Trajetos (Routes), a film produced by Rio de Janeiro-based audiovisual collective Canal Plá, will premier this Saturday August 12 at 8pm in Nova Iguaçu in the Praça dos Direitos Humanos (Human Rights Square). The film uses previously unedited footage from the YouTube series by the same name, which features six vignettes that explore the role of public transportation in the lives of residents of Greater Rio, from Rio’s North Zone and the Baixada Fluminense to Niterói. Unlike the web series, the film will not be available online. The screening will be hosted by CineClub Buraco do Getúlio, a film club dedicated to screening short films and hosting cultural events in Nova Iguaçu, a municipality in Rio’s Baixada Fluminense suburbs.
Canal Plá’s tagline is “producing memory,” and given the hours a day residents experience commuting—metropolitan Rio has some of the worst indices of urban mobility in Brazil—the stories captured in Trajetos show that worthwhile memories are often produced in the most mundane of places. One of the “road series” web episodes, “Mesquita x Central do Brasil,” features a young woman and man from Mesquita that would often see each other on this particular line. At first too shy to speak to one another, they eventually ended up starting a relationship and getting married after finally breaking the ice on the bus.
The film’s director and Canal Plá’s founder, José Alsanne, grew up in Nova Iguaçu. “Filming inside the buses that circulate throughout these cities was an idea that we’ve had since 2015, when Canal Plá began,” said Alsanne in the film’s press release. “I spent many years of my life losing six hours a day commuting [to university at the Pontifical Catholic University, PUC] and this experience motivated me to tell these stories. More than just talking about urban mobility and its deficiencies, we wanted to present stories and the relationships that exist [on public transportation]. How do people deal with this daily stress and what are the contradictions at play in the affective relationships that people create on their bus or train line? This is what we sought out.”

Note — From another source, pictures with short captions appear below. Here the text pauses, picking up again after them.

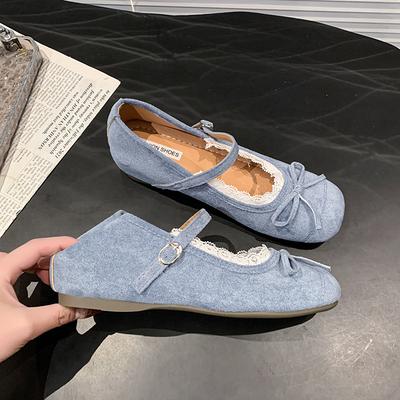 Французские туфли Мэри Джейн женские 2025 весна и осень с юбкой внутренняя высота увеличение балетки мягкая подошва пряжка на ремешке одинарные туфли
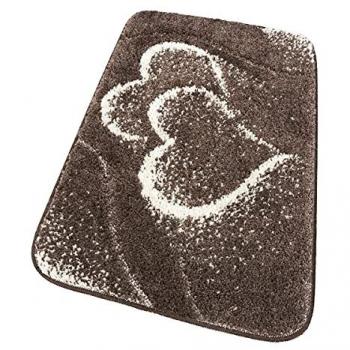 Alfombra de baño antideslizante absorbente suave 60x120 cm color marrón con corazones - 100% Made in Italy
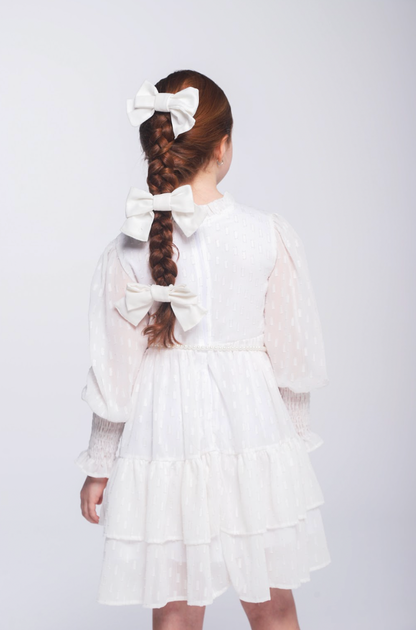 Vestido Infantil Chiffon Rodado ML Cinto Pérolas Ursinho Branco - Luluzinha
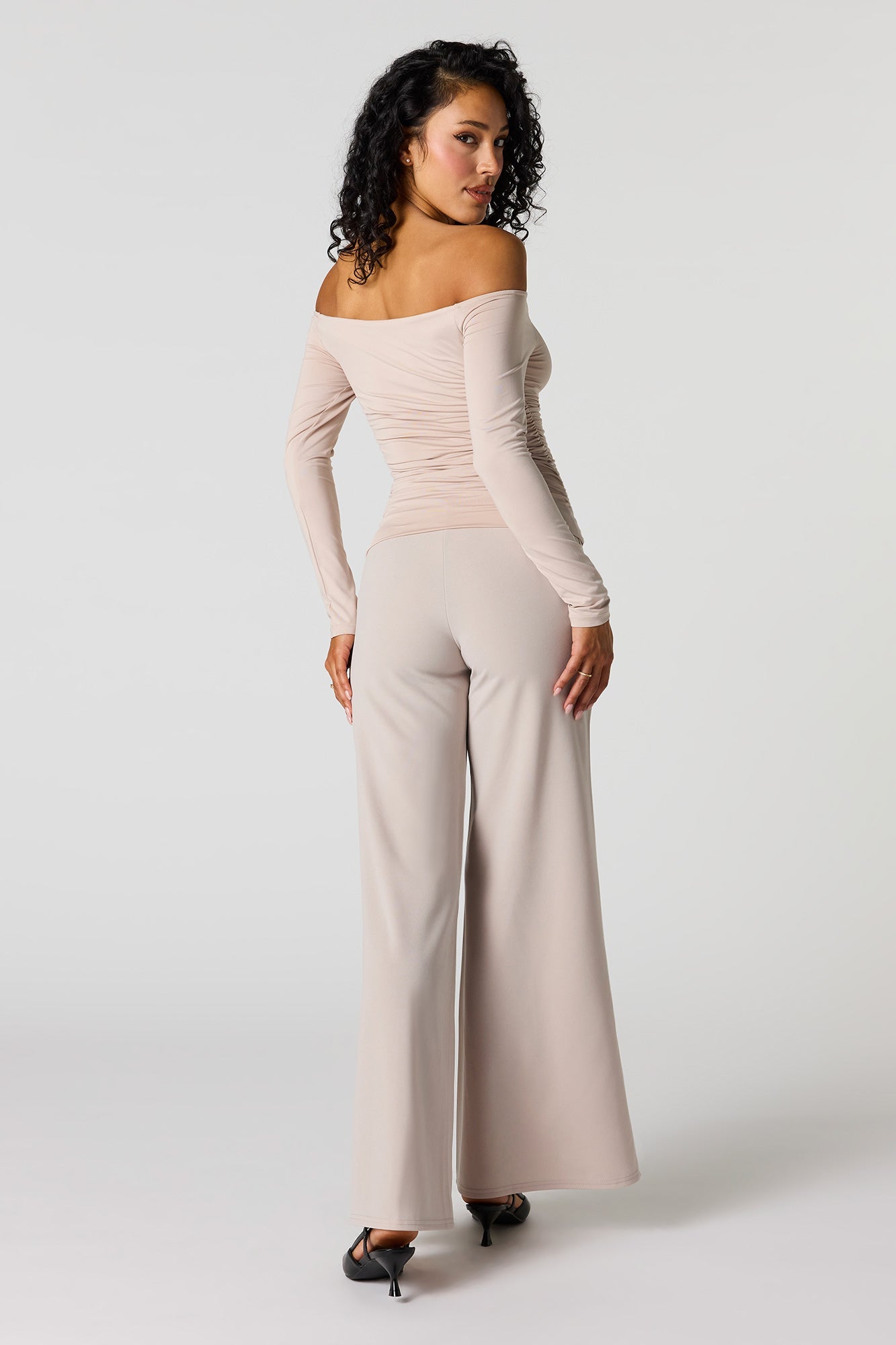 High Rise Exposed Seam Wide Leg Pant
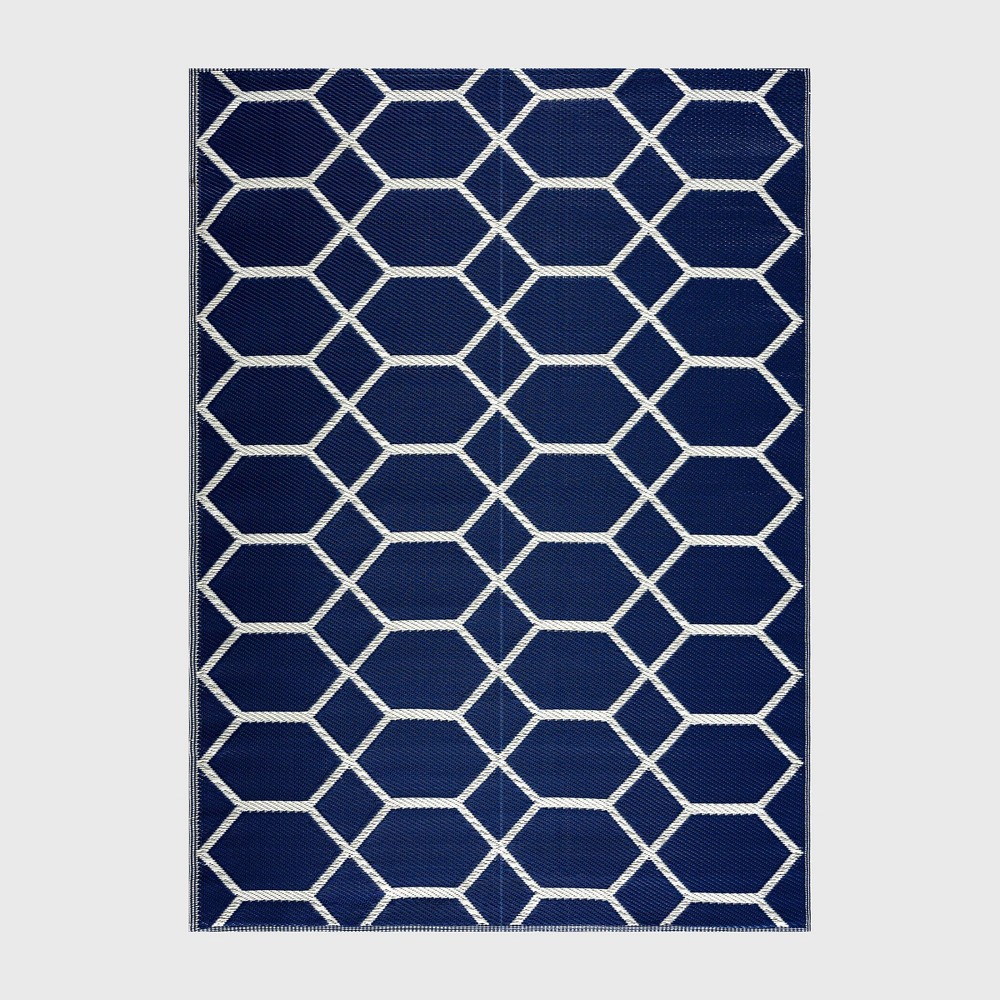 Playa Rug 5'x7' Miami Recycled Plastic: UV & Water-Resistant Geometric Floor Mat for All Ages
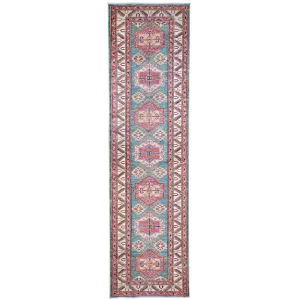 Hand-Knotted Fine Super Kazak Rug Geometric Design 100% Wool (Size 2.9 X 10.0) Brrsf-207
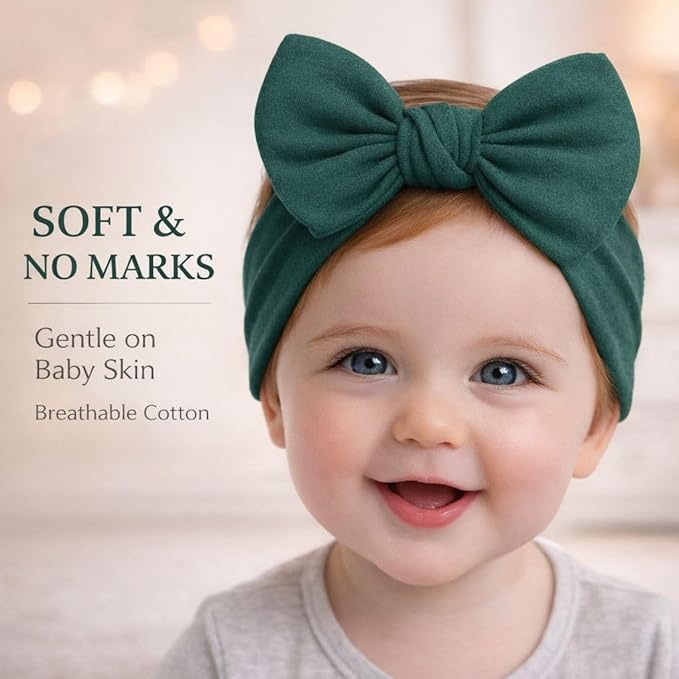 Baby Girl Headbands 0–6 Months – Newborn Infant Soft Cotton Handmade Bow Headband, Stretchy No Mark Baby Hair Accessories (Forest Green, 0-6 Month)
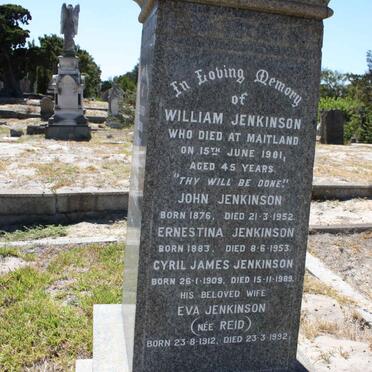 JENKINSON Cyril James 1909-1989 &amp; Eva REID 1912-1992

The web series began with calls for stories on Canal Plá’s Facebook page. They received so many that it was difficult to choose just six stories to tell. The film and web series pass through five cities in Greater Rio, four bus lines (one within Rio’s city limits and another within Duque de Caxias and two inter-municipal buses), one train line (the Japeri line from the Nova Iguaçu neighborhood of Austin to Central do Brasil train station), and one daily bicycle commute within Niterói followed by a ferry ride, giving a sense of the multiple ways that residents move through and experience the metropolitan region.
Along with stories of romance, many of the protagonists use their time in transit, which like Alsanne himself can be up to six hours a day, to chat with other commuters and bus drivers, to write poetry and raps, or reflect on a number of issues they face from racism to transphobia to obesity. This mirrors Canal Plá’s own mission “to bring to spectators an awareness of issues, realities, and demands from groups and social causes that have historically been ignored by the mainstream media due to a lack of interest, and principally, for the editorial line of many of these print and television outlets.”
Public transportation makes many of these social stigmas even more acute, as it accentuates the inequalities of metropolitan Rio. “For me, it’s by bus that I end up gaining access to things that I don’t have here. And this is very painful, you know,” explains Lidi de Oliveira, who takes the bus from Parque Paulista in Duque de Caxias to Central do Brasil. “The bus for me very much symbolizes the separation between these territories, but it is also the bridge between them. A bridge that is falling apart, that needs to be mended in places, but it’s a bridge that exists and we’re filling the gaps to form these bridges between territories.”